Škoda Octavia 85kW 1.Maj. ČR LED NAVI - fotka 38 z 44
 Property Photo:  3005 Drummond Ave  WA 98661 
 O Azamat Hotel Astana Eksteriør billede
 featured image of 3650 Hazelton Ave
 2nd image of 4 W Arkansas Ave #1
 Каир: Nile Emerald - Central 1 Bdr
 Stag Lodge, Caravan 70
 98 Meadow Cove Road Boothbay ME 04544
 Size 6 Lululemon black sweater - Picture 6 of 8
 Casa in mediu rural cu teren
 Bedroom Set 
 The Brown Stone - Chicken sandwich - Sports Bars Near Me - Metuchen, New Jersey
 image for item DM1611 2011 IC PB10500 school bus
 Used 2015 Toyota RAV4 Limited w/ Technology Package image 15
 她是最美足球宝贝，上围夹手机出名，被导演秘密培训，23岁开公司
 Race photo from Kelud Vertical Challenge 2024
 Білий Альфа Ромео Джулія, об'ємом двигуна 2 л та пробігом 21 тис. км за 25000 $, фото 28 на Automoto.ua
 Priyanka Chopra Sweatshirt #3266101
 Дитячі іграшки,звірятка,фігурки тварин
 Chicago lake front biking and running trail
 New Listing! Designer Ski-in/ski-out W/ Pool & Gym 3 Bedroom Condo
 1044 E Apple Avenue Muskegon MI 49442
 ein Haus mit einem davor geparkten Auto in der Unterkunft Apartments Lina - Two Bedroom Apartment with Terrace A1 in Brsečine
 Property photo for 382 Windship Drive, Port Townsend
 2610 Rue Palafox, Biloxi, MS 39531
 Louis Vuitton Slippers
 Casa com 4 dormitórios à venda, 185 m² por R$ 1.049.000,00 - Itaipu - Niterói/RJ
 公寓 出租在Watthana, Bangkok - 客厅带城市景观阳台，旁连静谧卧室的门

◆ ◆ ◆

Problem requirements: Return each line exactly, beginning at the start of the material above and ending at the line that includes "Stag Lodge, Caravan 70", with both of those kept.

Answer for the task:
Škoda Octavia 85kW 1.Maj. ČR LED NAVI - fotka 38 z 44
 Property Photo:  3005 Drummond Ave  WA 98661 
 O Azamat Hotel Astana Eksteriør billede
 featured image of 3650 Hazelton Ave
 2nd image of 4 W Arkansas Ave #1
 Каир: Nile Emerald - Central 1 Bdr
 Stag Lodge, Caravan 70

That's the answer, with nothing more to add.